**INFORMATION GIVEN:**
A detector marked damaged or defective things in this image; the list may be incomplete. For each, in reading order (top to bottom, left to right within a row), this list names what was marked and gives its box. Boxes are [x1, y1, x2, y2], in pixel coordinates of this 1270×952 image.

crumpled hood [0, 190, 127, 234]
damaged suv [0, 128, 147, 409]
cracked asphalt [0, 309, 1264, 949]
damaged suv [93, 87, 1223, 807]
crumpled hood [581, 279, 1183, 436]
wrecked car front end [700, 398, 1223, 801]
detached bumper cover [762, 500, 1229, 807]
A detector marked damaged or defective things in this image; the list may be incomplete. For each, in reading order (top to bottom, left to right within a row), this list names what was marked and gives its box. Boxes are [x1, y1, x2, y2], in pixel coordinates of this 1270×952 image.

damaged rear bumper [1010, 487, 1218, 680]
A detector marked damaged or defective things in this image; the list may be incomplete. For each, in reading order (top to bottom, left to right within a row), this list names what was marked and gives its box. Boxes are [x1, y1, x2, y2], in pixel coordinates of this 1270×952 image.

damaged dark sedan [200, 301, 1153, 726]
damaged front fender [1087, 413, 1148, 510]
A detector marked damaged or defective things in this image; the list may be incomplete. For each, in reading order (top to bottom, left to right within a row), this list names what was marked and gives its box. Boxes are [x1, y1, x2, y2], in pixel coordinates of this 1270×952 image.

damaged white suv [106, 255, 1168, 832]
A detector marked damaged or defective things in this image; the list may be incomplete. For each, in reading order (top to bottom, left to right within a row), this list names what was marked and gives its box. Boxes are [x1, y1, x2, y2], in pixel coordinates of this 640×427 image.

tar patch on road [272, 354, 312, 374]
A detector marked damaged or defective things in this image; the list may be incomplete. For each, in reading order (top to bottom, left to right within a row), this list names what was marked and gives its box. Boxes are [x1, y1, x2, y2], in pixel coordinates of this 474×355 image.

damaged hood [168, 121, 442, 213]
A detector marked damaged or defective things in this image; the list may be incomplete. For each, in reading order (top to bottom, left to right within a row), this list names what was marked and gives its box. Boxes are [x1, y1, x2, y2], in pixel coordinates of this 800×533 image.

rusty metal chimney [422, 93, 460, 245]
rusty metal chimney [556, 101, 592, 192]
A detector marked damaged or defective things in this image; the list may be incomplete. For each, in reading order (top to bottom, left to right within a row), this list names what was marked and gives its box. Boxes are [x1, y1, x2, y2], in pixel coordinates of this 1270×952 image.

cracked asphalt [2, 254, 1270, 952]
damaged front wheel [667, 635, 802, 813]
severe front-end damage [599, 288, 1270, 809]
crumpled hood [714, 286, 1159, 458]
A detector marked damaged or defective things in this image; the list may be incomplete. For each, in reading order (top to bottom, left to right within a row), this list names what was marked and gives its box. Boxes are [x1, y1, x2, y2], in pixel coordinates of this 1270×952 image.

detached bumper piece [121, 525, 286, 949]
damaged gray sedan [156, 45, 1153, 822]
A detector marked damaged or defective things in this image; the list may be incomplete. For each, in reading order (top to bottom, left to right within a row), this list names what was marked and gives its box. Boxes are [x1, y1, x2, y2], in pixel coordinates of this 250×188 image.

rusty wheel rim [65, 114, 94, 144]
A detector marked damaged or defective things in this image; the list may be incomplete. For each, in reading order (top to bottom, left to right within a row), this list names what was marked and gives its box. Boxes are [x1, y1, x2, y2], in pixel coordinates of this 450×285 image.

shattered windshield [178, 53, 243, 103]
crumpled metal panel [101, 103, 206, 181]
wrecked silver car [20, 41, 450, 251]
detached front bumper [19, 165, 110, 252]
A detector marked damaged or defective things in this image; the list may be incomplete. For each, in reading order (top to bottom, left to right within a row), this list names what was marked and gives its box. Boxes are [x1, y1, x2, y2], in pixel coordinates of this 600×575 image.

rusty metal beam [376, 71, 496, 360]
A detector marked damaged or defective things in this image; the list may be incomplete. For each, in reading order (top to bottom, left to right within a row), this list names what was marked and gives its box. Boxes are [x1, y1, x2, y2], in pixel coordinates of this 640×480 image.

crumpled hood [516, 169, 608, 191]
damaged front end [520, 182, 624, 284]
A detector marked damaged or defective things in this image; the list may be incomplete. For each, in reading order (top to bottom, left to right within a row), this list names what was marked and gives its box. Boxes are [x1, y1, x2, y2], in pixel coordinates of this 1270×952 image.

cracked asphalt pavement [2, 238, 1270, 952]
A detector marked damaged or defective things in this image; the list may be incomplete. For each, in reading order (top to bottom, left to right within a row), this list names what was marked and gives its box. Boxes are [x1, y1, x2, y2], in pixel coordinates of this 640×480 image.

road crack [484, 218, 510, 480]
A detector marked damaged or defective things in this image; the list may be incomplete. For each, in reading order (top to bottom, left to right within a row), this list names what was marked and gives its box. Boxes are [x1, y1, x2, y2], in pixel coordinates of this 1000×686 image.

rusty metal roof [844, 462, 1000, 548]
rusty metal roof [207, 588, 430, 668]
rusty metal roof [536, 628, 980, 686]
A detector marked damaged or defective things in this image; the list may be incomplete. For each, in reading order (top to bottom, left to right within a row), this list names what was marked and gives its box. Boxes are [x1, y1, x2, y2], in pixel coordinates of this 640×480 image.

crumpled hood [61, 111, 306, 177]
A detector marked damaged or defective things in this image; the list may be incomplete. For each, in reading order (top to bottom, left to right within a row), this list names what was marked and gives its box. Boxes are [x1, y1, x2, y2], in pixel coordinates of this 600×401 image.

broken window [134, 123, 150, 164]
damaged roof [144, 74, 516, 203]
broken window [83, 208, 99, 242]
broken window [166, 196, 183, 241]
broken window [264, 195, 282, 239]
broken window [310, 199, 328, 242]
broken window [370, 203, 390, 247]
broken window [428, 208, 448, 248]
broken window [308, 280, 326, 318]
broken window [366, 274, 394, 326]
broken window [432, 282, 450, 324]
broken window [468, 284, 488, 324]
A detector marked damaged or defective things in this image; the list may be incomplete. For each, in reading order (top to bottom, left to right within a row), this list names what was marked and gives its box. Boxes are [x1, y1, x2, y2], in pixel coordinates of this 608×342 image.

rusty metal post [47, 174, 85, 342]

**TASK STATEMENT:** With no word added or dropped, repeat the entire listing.

**RESPONSE TO THE EXERCISE:**
A detector marked damaged or defective things in this image; the list may be incomplete. For each, in reading order (top to bottom, left to right within a row), this list names what was marked and gives its box. Boxes are [x1, y1, x2, y2], in pixel coordinates of this 1270×952 image.

crumpled hood [0, 190, 127, 234]
damaged suv [0, 128, 147, 409]
cracked asphalt [0, 309, 1264, 949]
damaged suv [93, 87, 1223, 807]
crumpled hood [581, 279, 1183, 436]
wrecked car front end [700, 398, 1223, 801]
detached bumper cover [762, 500, 1229, 807]
A detector marked damaged or defective things in this image; the list may be incomplete. For each, in reading order (top to bottom, left to right within a row), this list names what was marked and gives its box. Boxes are [x1, y1, x2, y2], in pixel coordinates of this 1270×952 image.

damaged rear bumper [1010, 487, 1218, 680]
A detector marked damaged or defective things in this image; the list may be incomplete. For each, in reading order (top to bottom, left to right within a row), this list names what was marked and gives its box. Boxes are [x1, y1, x2, y2], in pixel coordinates of this 1270×952 image.

damaged dark sedan [200, 301, 1153, 726]
damaged front fender [1087, 413, 1148, 510]
A detector marked damaged or defective things in this image; the list may be incomplete. For each, in reading order (top to bottom, left to right within a row), this list names what was marked and gives its box. Boxes are [x1, y1, x2, y2], in pixel coordinates of this 1270×952 image.

damaged white suv [106, 255, 1168, 832]
A detector marked damaged or defective things in this image; the list may be incomplete. For each, in reading order (top to bottom, left to right within a row), this list names what was marked and gives its box. Boxes are [x1, y1, x2, y2], in pixel coordinates of this 640×427 image.

tar patch on road [272, 354, 312, 374]
A detector marked damaged or defective things in this image; the list may be incomplete. For each, in reading order (top to bottom, left to right within a row), this list names what was marked and gives its box. Boxes are [x1, y1, x2, y2], in pixel coordinates of this 474×355 image.

damaged hood [168, 121, 442, 213]
A detector marked damaged or defective things in this image; the list may be incomplete. For each, in reading order (top to bottom, left to right within a row), this list names what was marked and gives its box. Boxes are [x1, y1, x2, y2], in pixel coordinates of this 800×533 image.

rusty metal chimney [422, 93, 460, 245]
rusty metal chimney [556, 101, 592, 192]
A detector marked damaged or defective things in this image; the list may be incomplete. For each, in reading order (top to bottom, left to right within a row), this list names what was marked and gives its box. Boxes are [x1, y1, x2, y2], in pixel coordinates of this 1270×952 image.

cracked asphalt [2, 254, 1270, 952]
damaged front wheel [667, 635, 802, 813]
severe front-end damage [599, 288, 1270, 809]
crumpled hood [714, 286, 1159, 458]
A detector marked damaged or defective things in this image; the list may be incomplete. For each, in reading order (top to bottom, left to right within a row), this list names what was marked and gives its box. Boxes are [x1, y1, x2, y2], in pixel coordinates of this 1270×952 image.

detached bumper piece [121, 525, 286, 949]
damaged gray sedan [156, 45, 1153, 822]
A detector marked damaged or defective things in this image; the list may be incomplete. For each, in reading order (top to bottom, left to right within a row), this list names what was marked and gives its box. Boxes are [x1, y1, x2, y2], in pixel coordinates of this 250×188 image.

rusty wheel rim [65, 114, 94, 144]
A detector marked damaged or defective things in this image; the list may be incomplete. For each, in reading order (top to bottom, left to right within a row), this list names what was marked and gives its box. Boxes are [x1, y1, x2, y2], in pixel coordinates of this 450×285 image.

shattered windshield [178, 53, 243, 103]
crumpled metal panel [101, 103, 206, 181]
wrecked silver car [20, 41, 450, 251]
detached front bumper [19, 165, 110, 252]
A detector marked damaged or defective things in this image; the list may be incomplete. For each, in reading order (top to bottom, left to right within a row), this list names what was marked and gives its box. Boxes are [x1, y1, x2, y2], in pixel coordinates of this 600×575 image.

rusty metal beam [376, 71, 496, 360]
A detector marked damaged or defective things in this image; the list may be incomplete. For each, in reading order (top to bottom, left to right within a row), this list names what was marked and gives its box. Boxes are [x1, y1, x2, y2], in pixel coordinates of this 640×480 image.

crumpled hood [516, 169, 608, 191]
damaged front end [520, 182, 624, 284]
A detector marked damaged or defective things in this image; the list may be incomplete. For each, in reading order (top to bottom, left to right within a row), this list names what was marked and gives its box. Boxes are [x1, y1, x2, y2], in pixel coordinates of this 1270×952 image.

cracked asphalt pavement [2, 238, 1270, 952]
A detector marked damaged or defective things in this image; the list may be incomplete. For each, in reading order (top to bottom, left to right within a row), this list names what was marked and gives its box. Boxes are [x1, y1, x2, y2], in pixel coordinates of this 640×480 image.

road crack [484, 218, 510, 480]
A detector marked damaged or defective things in this image; the list may be incomplete. For each, in reading order (top to bottom, left to right within a row), this list names what was marked and gives its box. Boxes are [x1, y1, x2, y2], in pixel coordinates of this 1000×686 image.

rusty metal roof [844, 462, 1000, 548]
rusty metal roof [207, 588, 430, 668]
rusty metal roof [536, 628, 980, 686]
A detector marked damaged or defective things in this image; the list may be incomplete. For each, in reading order (top to bottom, left to right within a row), this list names what was marked and gives its box. Boxes are [x1, y1, x2, y2], in pixel coordinates of this 640×480 image.

crumpled hood [61, 111, 306, 177]
A detector marked damaged or defective things in this image; the list may be incomplete. For each, in reading order (top to bottom, left to right within a row), this list names what was marked and gives its box. Boxes are [x1, y1, x2, y2], in pixel coordinates of this 600×401 image.

broken window [134, 123, 150, 164]
damaged roof [144, 74, 516, 203]
broken window [83, 208, 99, 242]
broken window [166, 196, 183, 241]
broken window [264, 195, 282, 239]
broken window [310, 199, 328, 242]
broken window [370, 203, 390, 247]
broken window [428, 208, 448, 248]
broken window [308, 280, 326, 318]
broken window [366, 274, 394, 326]
broken window [432, 282, 450, 324]
broken window [468, 284, 488, 324]
A detector marked damaged or defective things in this image; the list may be incomplete. For each, in reading order (top to bottom, left to right within a row), this list names what was marked and gives its box. Boxes are [x1, y1, x2, y2], in pixel coordinates of this 608×342 image.

rusty metal post [47, 174, 85, 342]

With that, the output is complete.